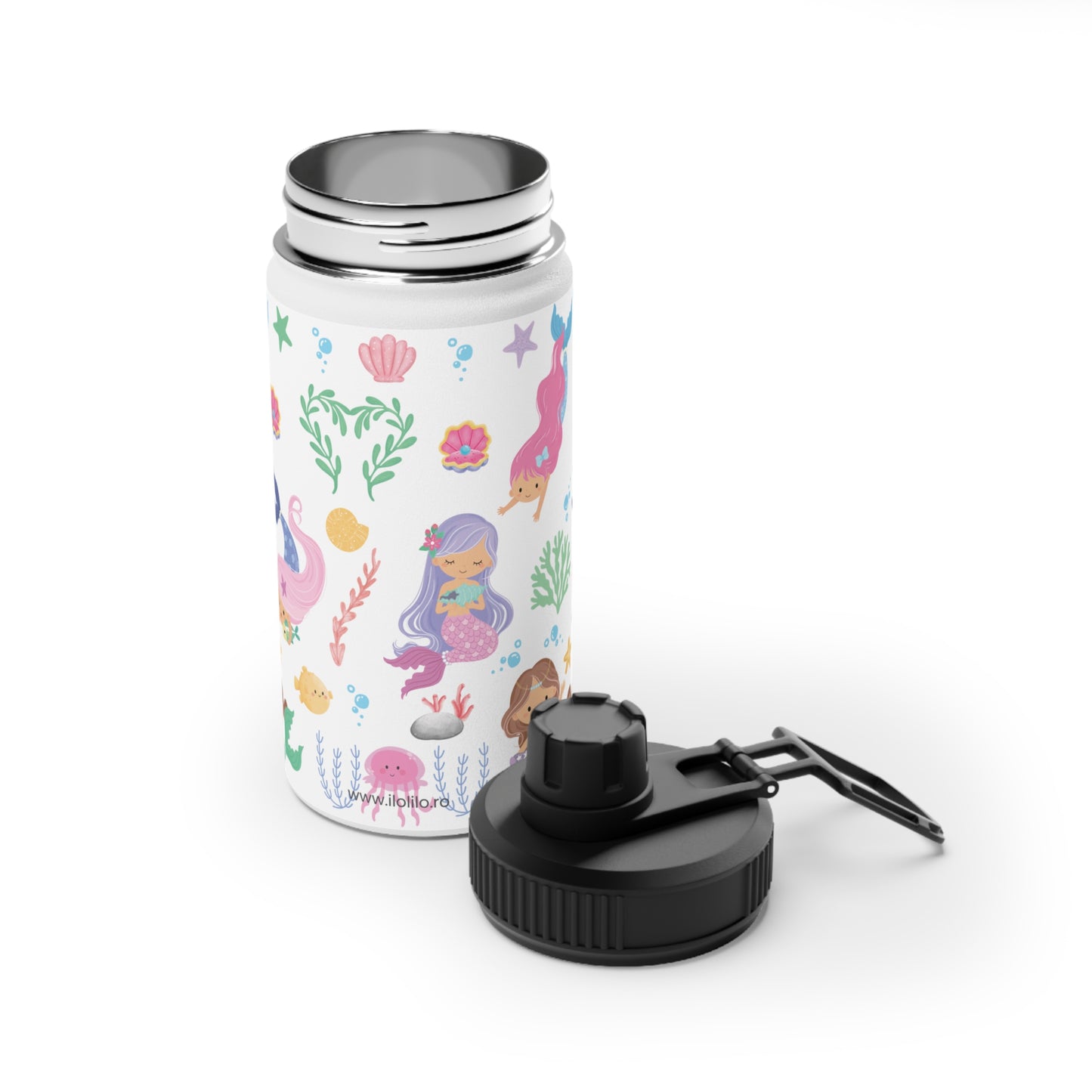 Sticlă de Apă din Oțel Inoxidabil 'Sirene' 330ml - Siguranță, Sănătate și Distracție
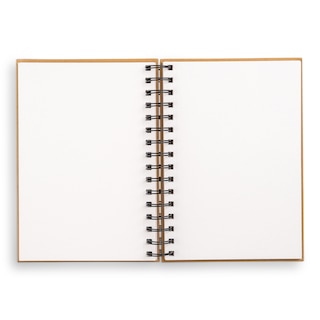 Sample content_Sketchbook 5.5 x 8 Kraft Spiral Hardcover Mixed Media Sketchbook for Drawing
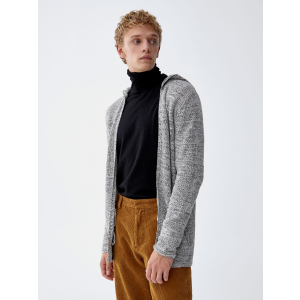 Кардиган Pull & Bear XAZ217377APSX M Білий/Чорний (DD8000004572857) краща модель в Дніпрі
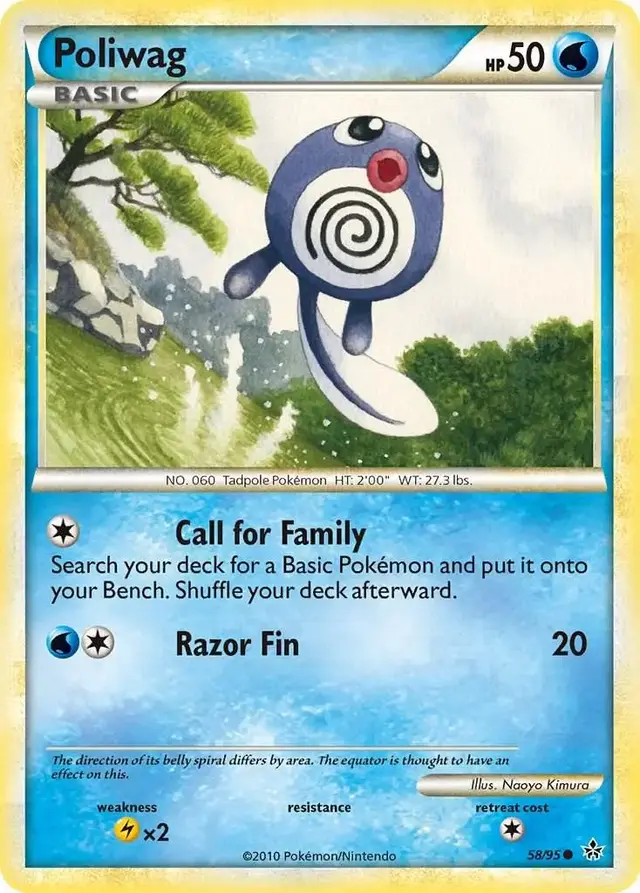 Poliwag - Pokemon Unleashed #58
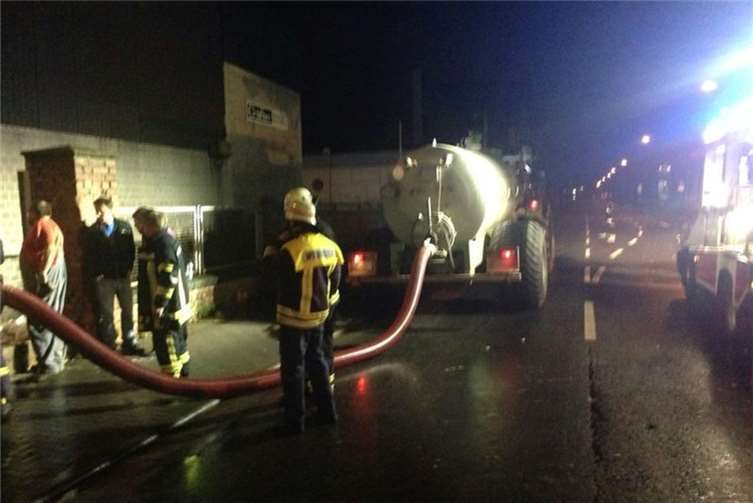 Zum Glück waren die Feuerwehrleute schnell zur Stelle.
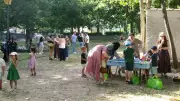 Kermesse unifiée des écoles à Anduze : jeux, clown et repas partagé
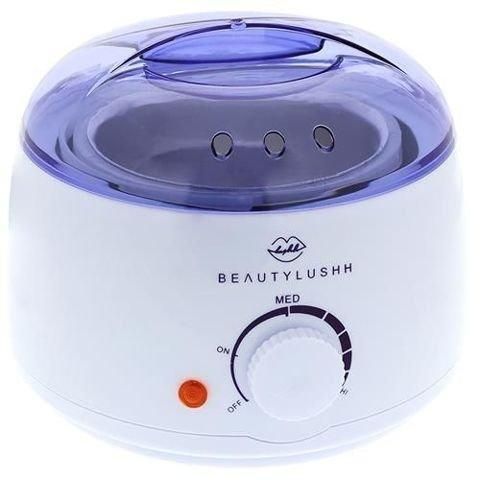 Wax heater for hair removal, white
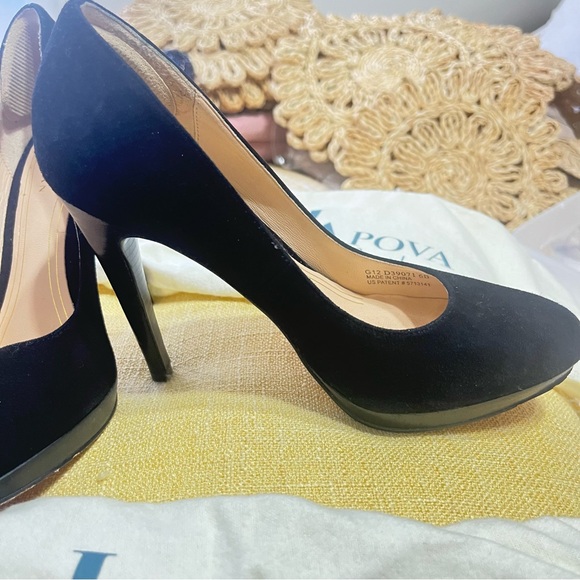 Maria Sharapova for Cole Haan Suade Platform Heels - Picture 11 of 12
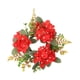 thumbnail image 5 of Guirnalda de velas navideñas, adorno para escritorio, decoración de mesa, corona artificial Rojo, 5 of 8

___

» Required action: Every line from the one containing "Poliwag - Pokemon Unleashed #58" through the end of the entries above is to be copied exactly; pictures are to be left out.

» Answer area:
 Poliwag - Pokemon Unleashed #58
 Zum Glück waren die Feuerwehrleute schnell zur Stelle.
 Kermesse unifiée des écoles à Anduze : jeux, clown et repas partagé
 Wax heater for hair removal, white
 Maria Sharapova for Cole Haan Suade Platform Heels - Picture 11 of 12
 thumbnail image 5 of Guirnalda de velas navideñas, adorno para escritorio, decoración de mesa, corona artificial Rojo, 5 of 8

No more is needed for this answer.